弁証法的な発想のみで考えると、この点を見落とすように思われます。
歴史上は殺人行為を禁じつつも死刑制度を設けていた国など幾らでも存在していたのであり、それらの国が全て重大な論理的矛盾を起こしていたという帰結は到底妥当とは思われません。
(2)抑止効果はないのか
よく言われる「死刑には抑止効果が無い」という論拠にも疑問があります。
こういった論拠は、死刑廃止国における統計データを用いて、死刑存置時と死刑廃止後で犯罪発生率は変化していないし治安も悪化していない、というかたちで主張されることが多いです。

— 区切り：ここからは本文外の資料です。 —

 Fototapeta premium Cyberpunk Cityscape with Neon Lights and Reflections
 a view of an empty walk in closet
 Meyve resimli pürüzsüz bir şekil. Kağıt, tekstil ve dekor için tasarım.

しかし、統計が示してくれるのはあくまで犯罪発生率であって犯罪の詳しい内容まではわかりません、また、例えば、被害者側で言えば行方不明者扱いではあるが殺害されている可能性がある場合、加害者側で言えば犯行後も逃げおおせた場合、犯行後自殺した場合(コロンバイン高校の銃乱射事件のように)、犯行時に警察に射殺された場合など、死刑ではないかたちで決着がついてしまったもの、そうした暗数も多数あると思われます。

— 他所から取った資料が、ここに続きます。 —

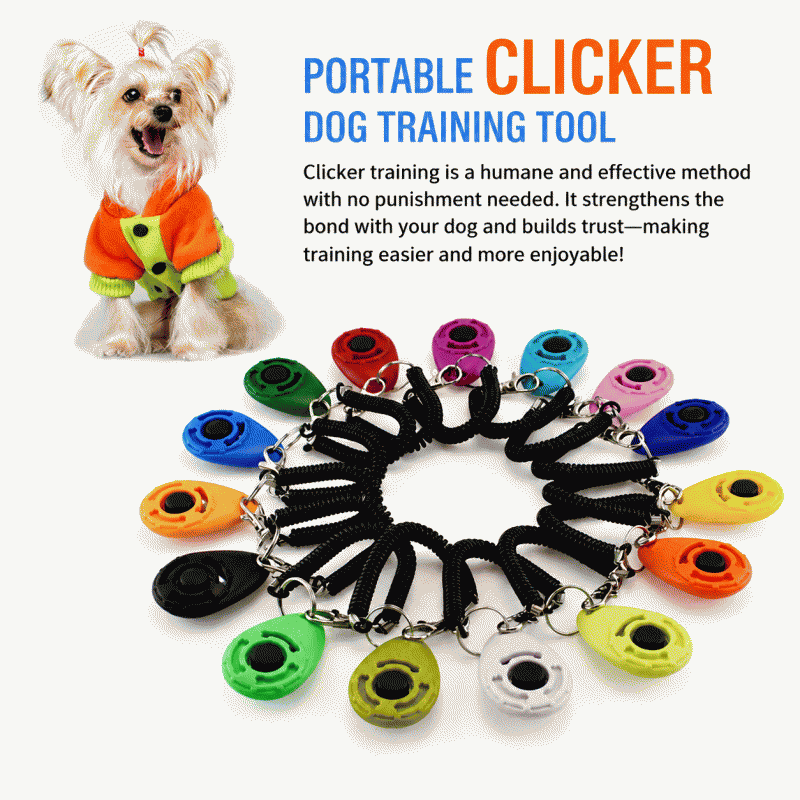 Dog training supplies, pet training clicker, portable trainer, pet clicker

そして、全ての国の統計をとったわけではない上に、正確な意味での日本のモデル国家などないのですから、外国のデータが必ずしも日本に適用できるかどうかはわかりません。例えば、テロはあったものの死刑廃止国として有名なノルウェーは、人口約480万人、首都オスロの人口は約56万人であり、国の人口は東北6県(約900万人)、首都の人口は仙台(約108万人)よりも遥かに少ないのです。国土全部で比較すれば、その都市化の程度や人口密度の差は凄まじいものになるでしょう。ですので、ある国で死刑を廃止して治安が仮に悪化しなかったとしても、地理的条件や人的条件が全く異なるのですから、日本で死刑を廃止して治安が悪化しないという保障は全くないわけです。
証明責任論の観点から、「死刑廃止論が抑止効果が無いことを立証せねばならないのではなく、死刑存置論が抑止効果があることを立証せよ」という主張がされることもあります。或る事実が「無い」ことの証明は悪魔の証明と言われるという論拠です。
しかし、死刑を恐れるがゆえに凶悪犯罪を思いとどまったり、その時は警察に逮捕されることなく一人の人を殺害したものの、次の犯行を思いとどまったりする犯罪者がいないとは言えないでしょう。
したがって死刑の抑止効果には「推定」がはたらいていると思われます。この推定を、むしろ死刑廃止論のほうで覆す(死刑廃止しても抑止効果は全く変わらないことを証明する)必要があるものと思われます。
「そんなものは可能性に過ぎない、データのある事実ではない」という反論がされるかもしれません。しかし、抑止とはほぼ常に可能性の問題であると思います。可能性を排除することにこそ抑止論の意義があると考えております。データに現れてからでは遅いのです。
統計上は殺人事件が1件増えただけということになるのかもしれませんが、その1件の取り返しがつかないからこそ死刑制度の犯罪抑止効果について真剣に考えねばならないと思うのです。
(3)応報の観点を無視できないのではないか
他に「刑罰は犯罪を犯した人の改善更生のためにあるのであって、応報のために(だけ)存在するのではない」という論拠もあります。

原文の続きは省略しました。